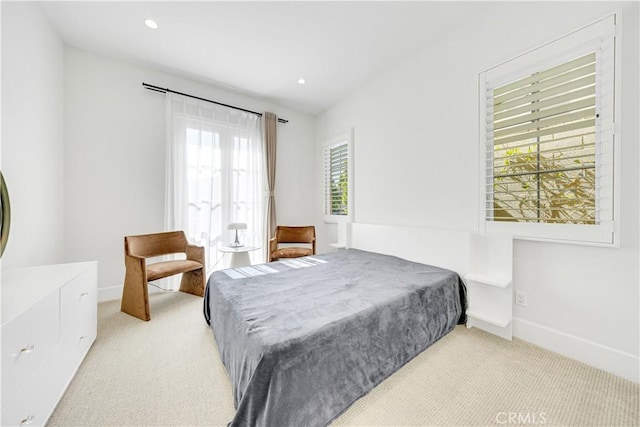 bedroom with recessed lighting, light colored carpet, and baseboards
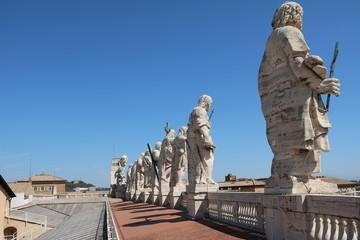 Sculptures on the roof of St. Peter's Basilica in the Vatican in Rome, Italy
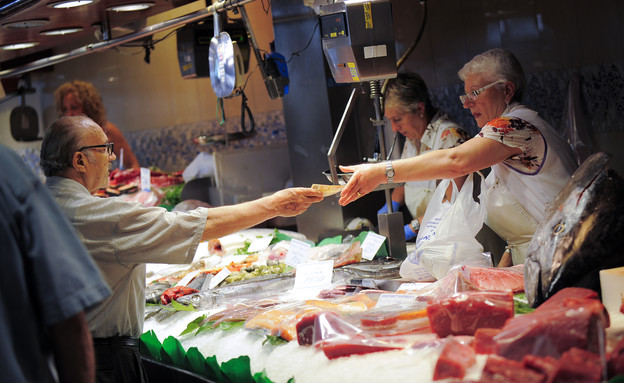 לקוח בשוק הדגים של ברצלונה משלם במזומן (צילום: David Ramos, GettyImages IL)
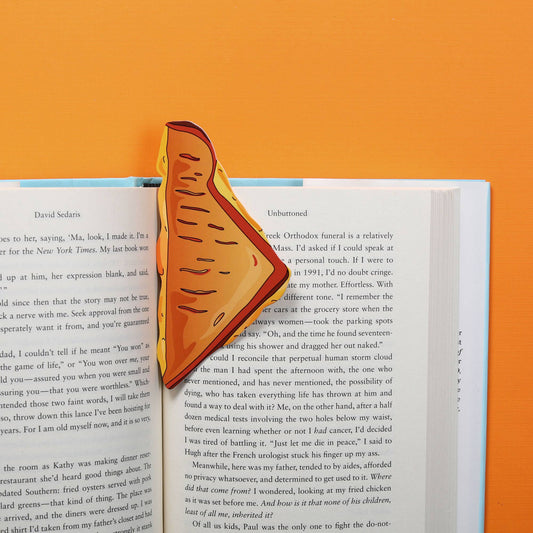 bookmark that looks like a triangle shaped half of a grilled cheese sandwich inside a book 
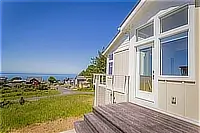 Cottage deck and exterior with ocean view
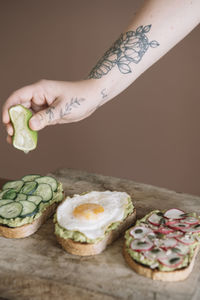 Midsection of woman preparing food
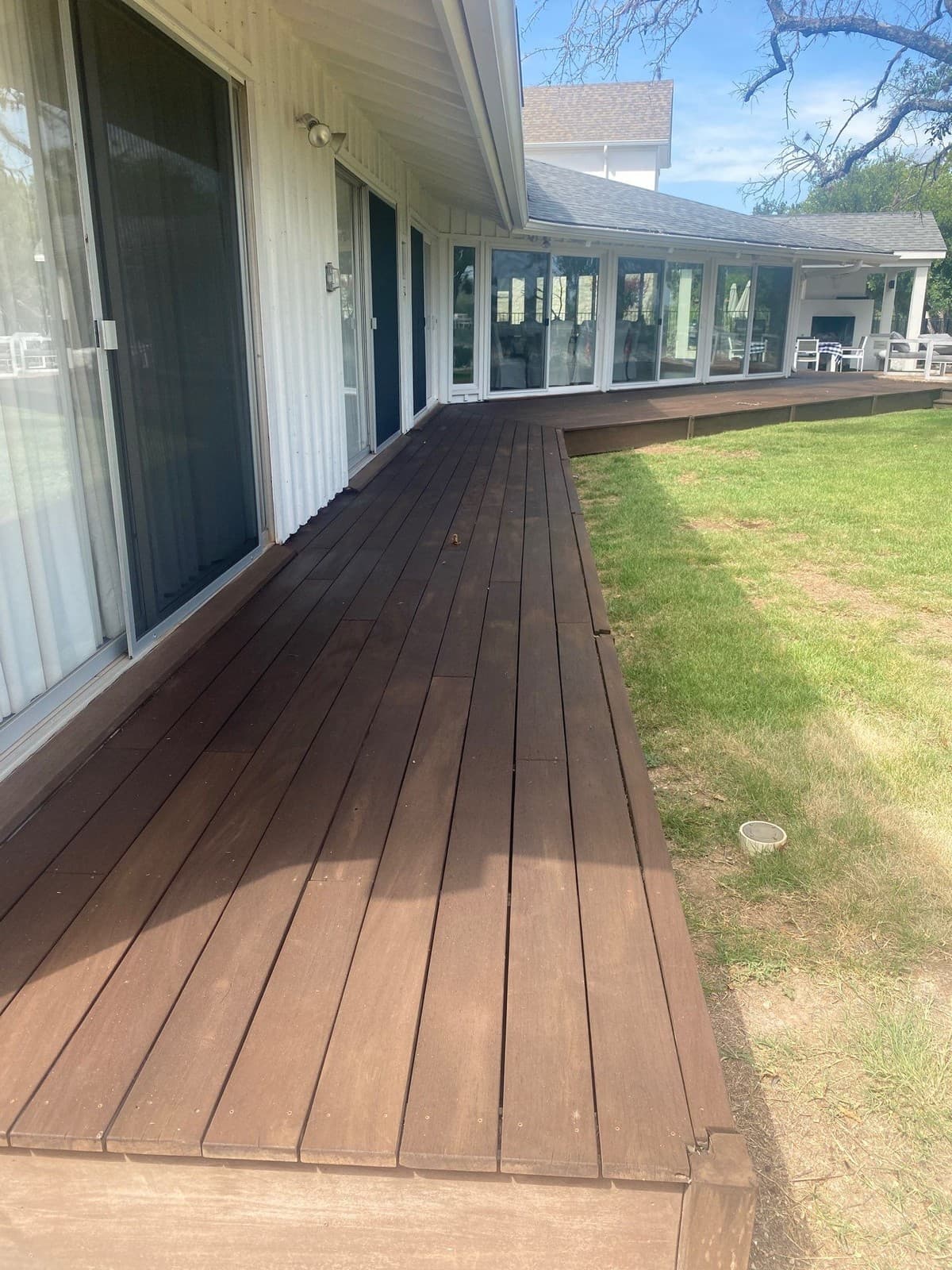 Deck and patio comparison chart showing construction cost per square foot, lifespan, and maintenance requirements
--
**Brief**: Leaving out the pictures, please output the lines in the entries above from the one with "Sculptures on the" through the one with "Midsection of woman preparing food", exactly as they are.

**Solution to the exercise**:
 Sculptures on the roof of St. Peter's Basilica in the Vatican in Rome, Italy
 לקוח בשוק הדגים של ברצלונה משלם במזומן (צילום: David Ramos, GettyImages IL)
 bookmark that looks like a triangle shaped half of a grilled cheese sandwich inside a book 
 Cottage deck and exterior with ocean view
 Midsection of woman preparing food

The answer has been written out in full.